No problem paco sorry i havnt been around its fishing season


----------



## ScoobyDoobyDoo (Jun 7, 2012)

hellraizer30 said:


> No problem paco sorry i havnt been around its fishing season



I love FISHING!!! what are you out there catching hellraizer? bass, trout?


----------



## Warlock1369 (Jun 7, 2012)

ScoobyDoobyDoo said:


> I love FISHING!!! what are you out there catching hellraizer? bass, trout?

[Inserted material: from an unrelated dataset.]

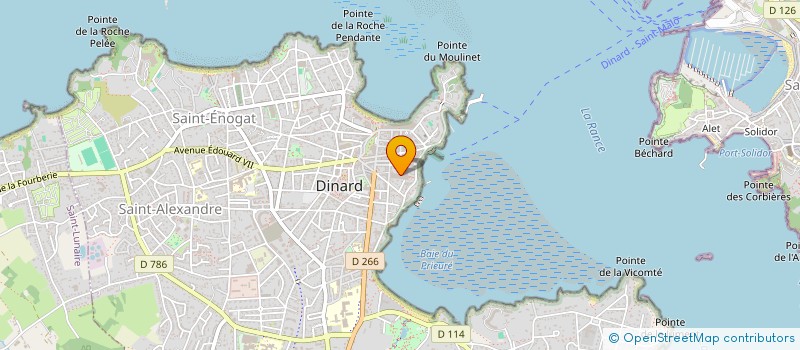 localisation de l'entreprise LE SQUARE  DINARD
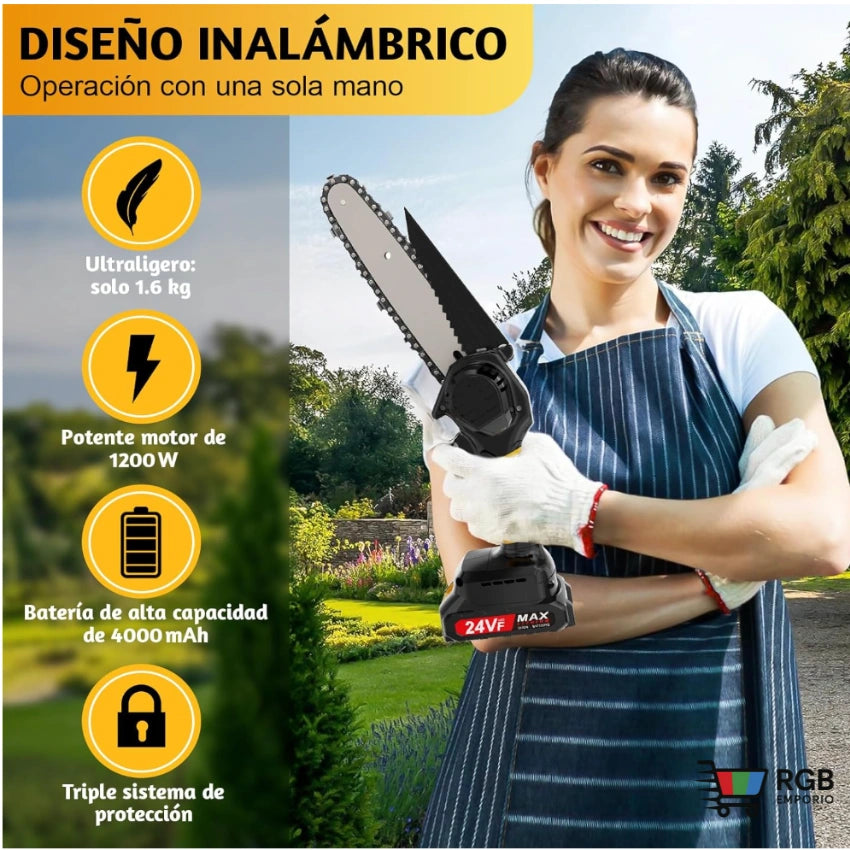 MOTOSIERRA DE MANO - Potencia y rapidez a tu alcance.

A buzz is alway my best catch. Lol


----------



## hornedfrog2000 (Jun 9, 2012)

Catfish are breeding right now.


----------



## hellraizer30 (Jun 9, 2012)

I like salmon and trophy rainbow fishing


----------



## akpaco (Jun 13, 2012)

HR, finished my first grow in that system! Not sure what the final result is yet. But I'll be transplanting 4" growdan blocks into my hydroton. How many times should I water now that im using the growdan blocks? I was watering 4 times a day at 12/12 using hydroton but I know the blocks hold some water. Thanks. Fished up north Monday night and Tuesday morning. Weather sucked! Have never seen so many small fish in my life! Hope it gets better!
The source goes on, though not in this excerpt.